* [Task goal]
Using the entries that follow, write out the line containing "Set Bikini 4", the line containing "Gerber Toddler Food", and every line between them, exactly and nothing else.

* [Exercise materials]
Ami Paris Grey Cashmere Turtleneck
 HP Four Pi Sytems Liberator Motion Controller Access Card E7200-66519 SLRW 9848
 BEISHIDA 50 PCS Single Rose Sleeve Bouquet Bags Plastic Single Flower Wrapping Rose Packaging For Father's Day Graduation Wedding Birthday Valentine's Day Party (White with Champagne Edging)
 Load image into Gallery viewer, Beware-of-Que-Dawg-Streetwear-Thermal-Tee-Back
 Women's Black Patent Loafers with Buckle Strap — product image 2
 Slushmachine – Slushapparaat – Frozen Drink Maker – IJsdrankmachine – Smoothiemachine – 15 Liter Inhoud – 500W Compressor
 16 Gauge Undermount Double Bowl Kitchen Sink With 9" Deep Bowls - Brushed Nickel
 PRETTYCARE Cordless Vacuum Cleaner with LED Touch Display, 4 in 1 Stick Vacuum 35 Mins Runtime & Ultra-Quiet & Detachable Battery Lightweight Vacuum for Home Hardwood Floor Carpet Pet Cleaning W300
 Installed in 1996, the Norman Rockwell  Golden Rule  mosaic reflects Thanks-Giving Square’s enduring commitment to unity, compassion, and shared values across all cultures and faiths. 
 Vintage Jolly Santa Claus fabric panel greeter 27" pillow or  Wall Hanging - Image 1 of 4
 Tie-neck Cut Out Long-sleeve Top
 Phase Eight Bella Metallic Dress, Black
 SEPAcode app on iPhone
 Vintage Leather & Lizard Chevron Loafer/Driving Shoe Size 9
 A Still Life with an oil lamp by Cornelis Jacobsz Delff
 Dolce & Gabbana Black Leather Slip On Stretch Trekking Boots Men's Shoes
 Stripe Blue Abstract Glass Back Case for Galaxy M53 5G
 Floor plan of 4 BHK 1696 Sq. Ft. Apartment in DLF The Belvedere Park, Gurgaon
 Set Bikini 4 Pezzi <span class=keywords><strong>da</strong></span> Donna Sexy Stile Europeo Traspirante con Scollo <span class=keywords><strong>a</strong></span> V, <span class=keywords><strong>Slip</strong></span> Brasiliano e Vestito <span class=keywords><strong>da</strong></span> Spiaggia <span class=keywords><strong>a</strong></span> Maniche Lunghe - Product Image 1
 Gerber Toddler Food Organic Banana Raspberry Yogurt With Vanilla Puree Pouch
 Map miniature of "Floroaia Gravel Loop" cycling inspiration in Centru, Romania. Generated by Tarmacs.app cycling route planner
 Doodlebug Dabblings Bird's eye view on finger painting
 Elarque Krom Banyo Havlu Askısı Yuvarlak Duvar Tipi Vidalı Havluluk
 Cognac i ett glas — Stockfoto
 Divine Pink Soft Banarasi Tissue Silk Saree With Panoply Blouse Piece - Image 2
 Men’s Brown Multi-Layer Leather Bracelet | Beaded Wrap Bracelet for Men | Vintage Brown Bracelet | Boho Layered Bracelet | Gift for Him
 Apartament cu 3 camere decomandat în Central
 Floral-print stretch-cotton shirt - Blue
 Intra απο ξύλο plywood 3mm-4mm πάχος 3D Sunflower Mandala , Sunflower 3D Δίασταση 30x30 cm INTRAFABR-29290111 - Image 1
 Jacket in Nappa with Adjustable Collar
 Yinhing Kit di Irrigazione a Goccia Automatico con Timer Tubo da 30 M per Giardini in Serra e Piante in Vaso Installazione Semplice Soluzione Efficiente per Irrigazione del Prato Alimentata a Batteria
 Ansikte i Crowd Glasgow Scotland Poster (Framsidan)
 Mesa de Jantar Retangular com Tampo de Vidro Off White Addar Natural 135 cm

* [Expected answer]
 Set Bikini 4 Pezzi <span class=keywords><strong>da</strong></span> Donna Sexy Stile Europeo Traspirante con Scollo <span class=keywords><strong>a</strong></span> V, <span class=keywords><strong>Slip</strong></span> Brasiliano e Vestito <span class=keywords><strong>da</strong></span> Spiaggia <span class=keywords><strong>a</strong></span> Maniche Lunghe - Product Image 1
 Gerber Toddler Food Organic Banana Raspberry Yogurt With Vanilla Puree Pouch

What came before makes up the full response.